Recorded information ::
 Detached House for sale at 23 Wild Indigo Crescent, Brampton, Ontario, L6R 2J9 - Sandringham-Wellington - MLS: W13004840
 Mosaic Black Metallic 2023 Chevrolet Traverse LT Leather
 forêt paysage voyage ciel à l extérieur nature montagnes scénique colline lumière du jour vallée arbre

* * *

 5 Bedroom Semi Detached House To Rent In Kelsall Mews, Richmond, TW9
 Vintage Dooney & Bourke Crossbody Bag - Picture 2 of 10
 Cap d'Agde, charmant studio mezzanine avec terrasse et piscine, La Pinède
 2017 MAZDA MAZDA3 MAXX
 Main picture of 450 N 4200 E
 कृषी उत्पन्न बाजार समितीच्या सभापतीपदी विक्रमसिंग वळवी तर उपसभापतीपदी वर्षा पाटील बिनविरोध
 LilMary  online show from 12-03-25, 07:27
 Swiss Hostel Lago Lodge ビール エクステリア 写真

--

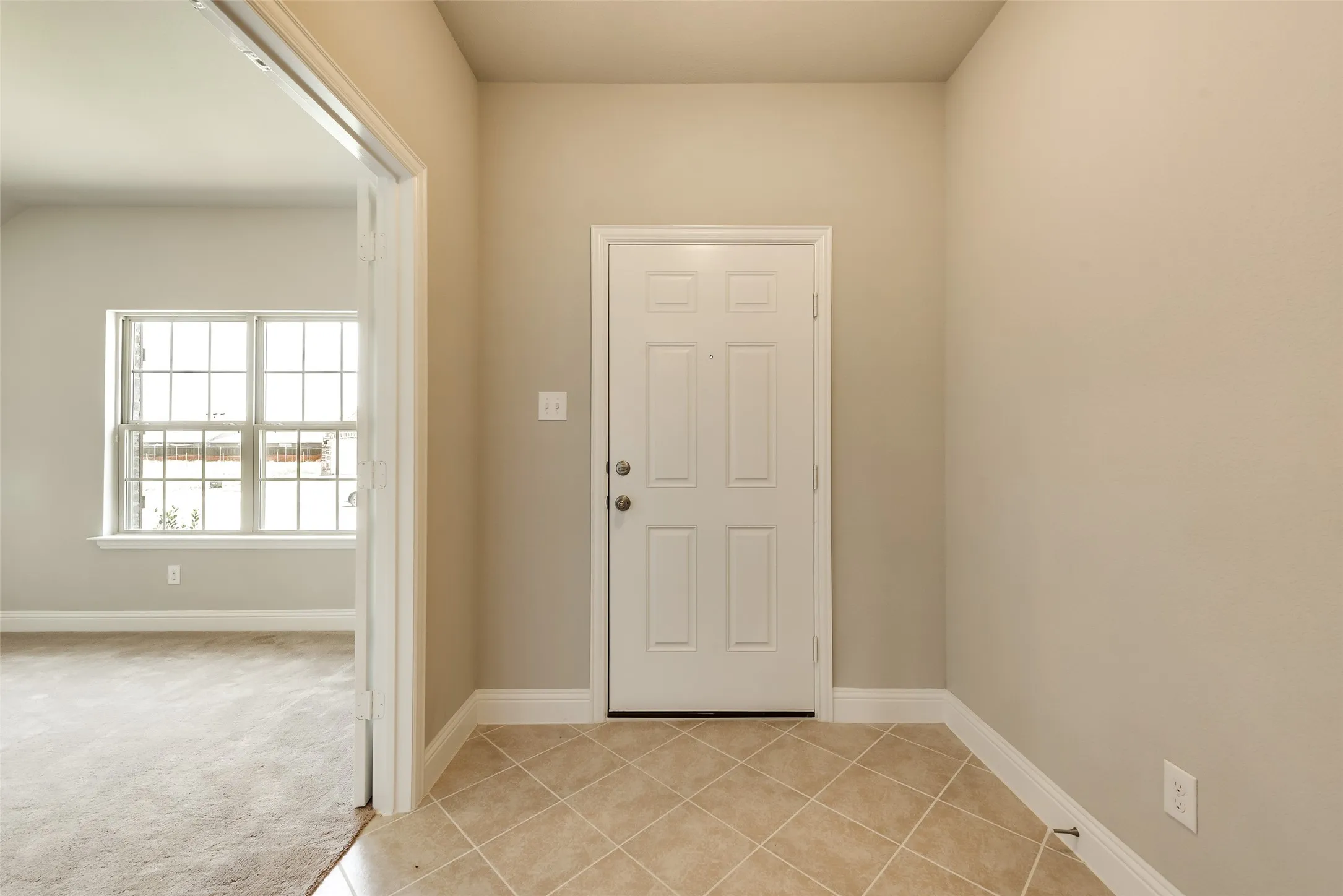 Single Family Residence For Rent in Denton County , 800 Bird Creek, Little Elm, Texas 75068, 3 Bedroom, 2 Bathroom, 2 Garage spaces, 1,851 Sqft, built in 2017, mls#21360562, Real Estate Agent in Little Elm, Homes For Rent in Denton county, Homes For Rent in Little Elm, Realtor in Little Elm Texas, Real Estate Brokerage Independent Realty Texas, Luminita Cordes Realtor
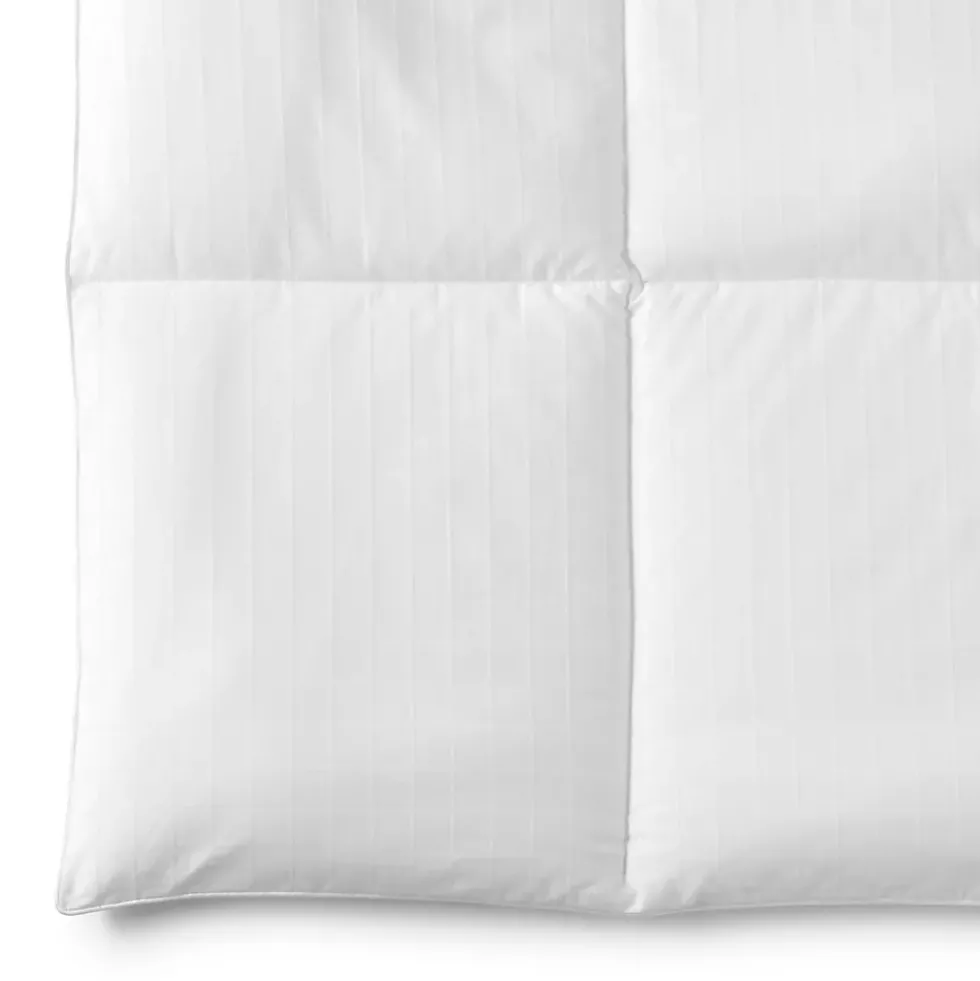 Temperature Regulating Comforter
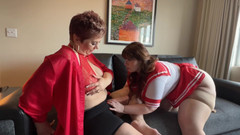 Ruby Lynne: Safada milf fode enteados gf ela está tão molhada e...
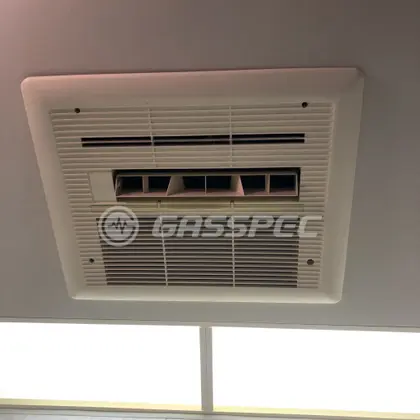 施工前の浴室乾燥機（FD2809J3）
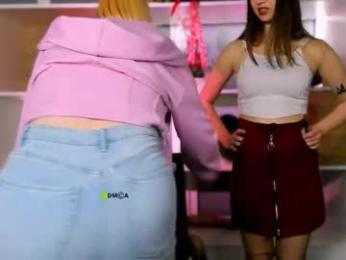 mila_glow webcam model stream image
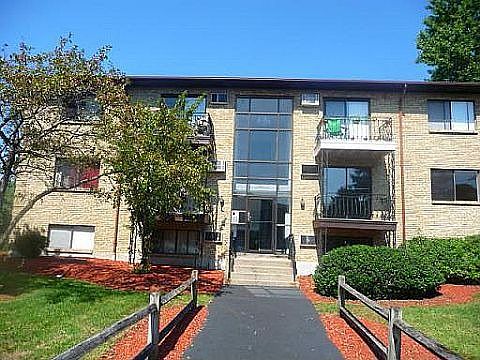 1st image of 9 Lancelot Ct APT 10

Your objective :: Look above for the line with "Main picture of 450 N 4200 E" and the line with "Swiss Hostel Lago Lodge ビール エクステリア 写真"; transcribe both and all lines in between, exactly, and nothing else.

Exercise result ::
 Main picture of 450 N 4200 E
 कृषी उत्पन्न बाजार समितीच्या सभापतीपदी विक्रमसिंग वळवी तर उपसभापतीपदी वर्षा पाटील बिनविरोध
 LilMary  online show from 12-03-25, 07:27
 Swiss Hostel Lago Lodge ビール エクステリア 写真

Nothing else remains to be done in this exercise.